Table 2 Summary comparison of the accuracy of different approaches used in the paper

Discussion

Our objective was to extract patterns that can discriminate between two sets of phylogenetically close but functionally different sets of sequences. According to our results it is evident that variability is present in both groups; there were red lines and long letters in both response groups (Figures 2 and 3). Accordingly, an accurate measure which depends only on the variability would not be efficient in separating responders from non-responders. That's also why the profile HMMs, as maximum entropy models, didn't perform well.

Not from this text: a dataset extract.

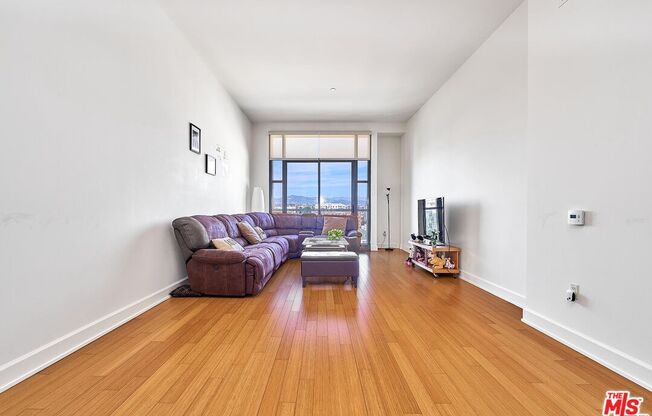 2 beds, 2 baths, 1,690 sqft, $3,800, Unit 405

The approach using class association rules extracted from the VESPA results (see additional file 1- table S1 and S2) and confirmed by relative Shanon entropy calculations and comparative sequence logos can help increase the sensitivity and specificity of genetic biomarker discovery in general. These class association rules, which are position and amino acid specific, proved more appropriate and gave high support and confidence. The associative classification technique was chosen because it builds more accurate and easily interpretable set of rules than traditional classification approaches [28, 29]. Analysis of the genetic distance variations, VESPA, and relative Shanon entropy (Table 1, Figure 2 and Additional files 2 and 3) indicates the discriminative superiority of the V3 region over the ISDR region as a biomarker in the response to therapy problem. This was also confirmed by recent studies [30]. Subtype 3a showed lower overall variability and more homogeneity in both regions, with no statistically significant variations, thus indicating its higher rate for response. We correlated specific residues in the V3 region whose support and confidence exceeded both 50%. The previous structural and functional analysis [6] showed that the V3 region is 100% exposed, and contains a hot loop region, therefore highly ranking it as a protein binding motif. These mutations could limit the efficacy of the NS5A protein-host immune system proteins interactions in its counter attack mechanisms. Also, non-response was associated with specific amino acids in the V3 region which could be potential binding sites with the immune system proteins. Analysis of variability failed to accurately distinguish the response groups as these disordered proteins are inherently variable, with little effect by amino acid substitutions [31]. All three methods, VESPA, Shanon entropy, and comparative sequence logos, coincided in their results for the most important statistically significant variable positions between the two sets. An automated pipeline of analysis that incorporates these methods for signature extraction would aid in rapid sequence biomarker discovery in general. This can help physicians in drug type assessment as has been done with HIV drug resistance [32].

Conclusions

We conclude that the IRRDR region is a better biomarker for therapy response than the ISDR region. Indicative biomarkers were extracted from subtypes 1a, 1b, and 3a, which showed significant variation between the two groups using a multi- bioinformatics approach for pattern analysis. Subtype 3a showed lower overall variability and more homogeneity in both regions, with no statistically significant variations, thus indicating its higher rate for response. Finally, comparing the results from pattern based approaches to analysis of variability, it is evident that rule generation methods, and pattern discovery are more reliable than noisy models (HMMs) and analysis of variability alone.

In conclusion, prognostic biomarkers have been extracted using this approach that would enhance prediction of response to IFN therapy in Chronic Hepatitis C patients.